Is the least-squares solution unique?

2.9k Views Asked by At

I am looking for a line closest to $(-5, -2)$, $(-2, 0)$, $(-1, 0)$, $(2, 3)$, $(5, 4)$ using the least square solution. So I set the line as $$ax+by+c=0$$ let $a=1$ (where $a$ is not $0$ obviously) and got

$$\begin{pmatrix} -2 & 1 \\ 0 & 1 \\ 0 & 1 \\ 3 & 1 \\ 4 & 1\\ \end{pmatrix} \begin{pmatrix} b \\ c \\ \end{pmatrix}= \begin{pmatrix} 5 \\ 2 \\ 1 \\ -2 \\ -5\\ \end{pmatrix} $$

Then I solved it by multiplying $A^T$on the both sides.

But the $(b, c)$ I got here was different from that of the usual solution using $$y=ax+b$$ Although the two lines are almost identical (which implies I am not that wrong), they are still different. What's the matter?

2

There are 2 best solutions below

6
On BEST ANSWER

I think the reason we get different solutions here is because we're measuring different squares.

In the first equation, we want to minimize the distance from the vector on the right side made up of x-coordinates to the range of the matrix on the left side made up of y-coordinates and constants.

In the second equation, our vector has y-coordinates and we want to minimize the distance to the range of the matrix made up of x-coordinate and constants.

Yes, we're approximating the same data set with the same purpose in mind, so we get similar points, but we're working with different vectors and matrices in order to do that, and that gives us different least squares metrics to approximate this line with, meaning that we're going to get different answers because we're using different metrics, but similar answers because we're still approximating the same data set.

0
On

Imagine you have two data points $(2,4)$ and $(2,6)$. Now, if we put the slope formula into matrix form, we will have \begin{pmatrix}2 & 1 \\2 & 1 \\\end{pmatrix} as our $X$ matrix. First column is for the input $X$ and second for the slope "$b$". We set "$b$" as one because we want to give it freedom to move (otherwise, $0$ would kill the "$b$" out of the formula, $mx = y$). Then, we have the vector $(M ,B)$ for our unknown coefficients. These two matrices multiplied will give the output vector $(4 ,6)$.

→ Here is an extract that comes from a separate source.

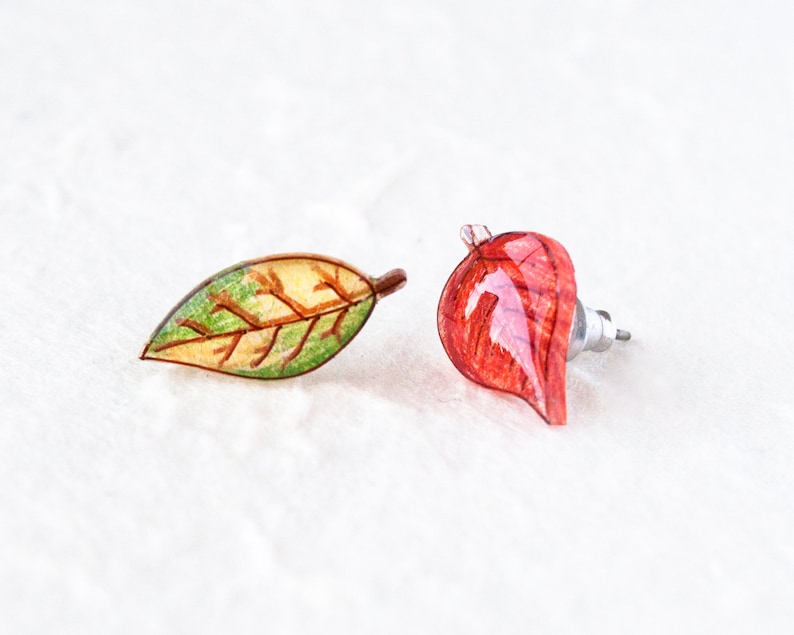 Autumn Leaf Stud Earrings / Red and Green Asymmetrical Fall Leaves image 4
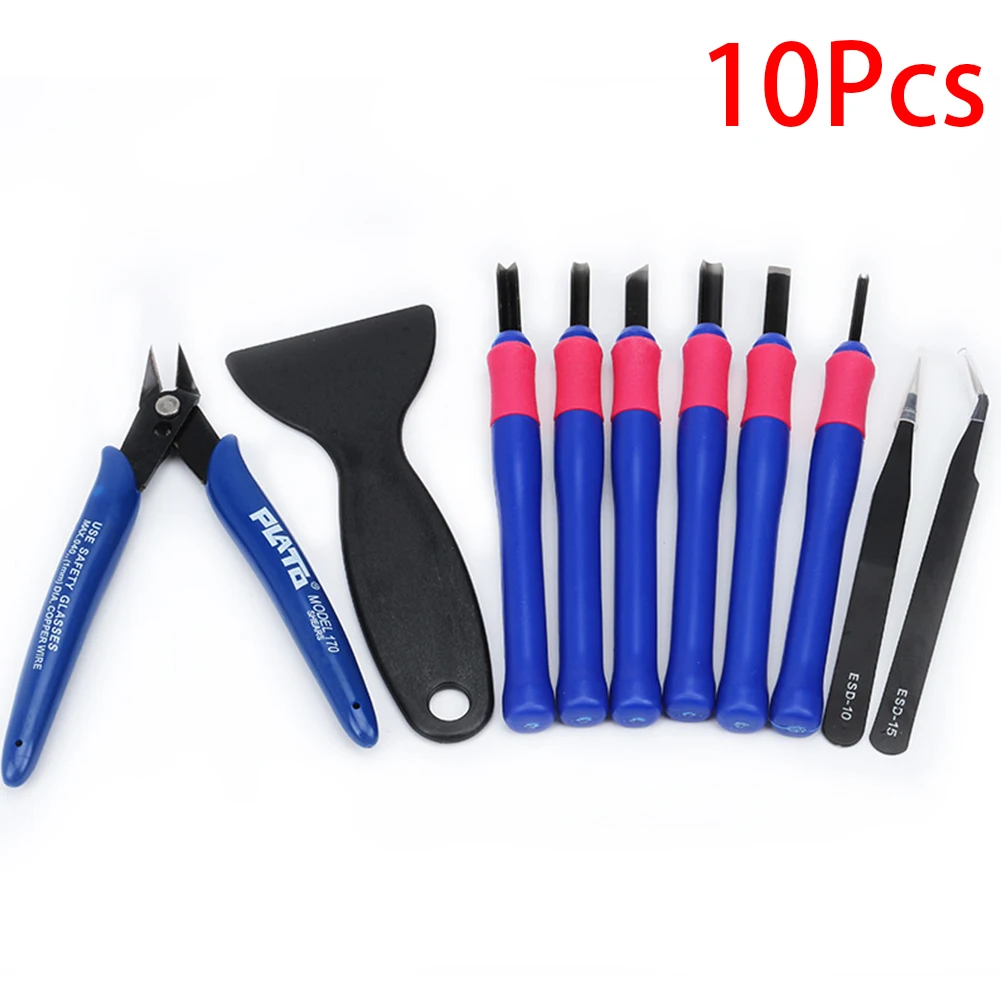 

10pcs Durable Blade Parts Repair Tool Comfortable Handles Tweezers Set Clip Pliers Grip Plastic Print 3D Printer Practical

Now, try to think of how you would graph through these two data points. The problem is that there are infinite solutions depending on what you set the bias "$b$" to be equal to. Why do we have infinite least square solutions? Well, The column space is not full rank and we have a dependency!

This is the most intuitive way to think in my opinion. Once you understand in 2d, you just "rely" it will hold on to $n$ dimensions (and there is no reason to not hold).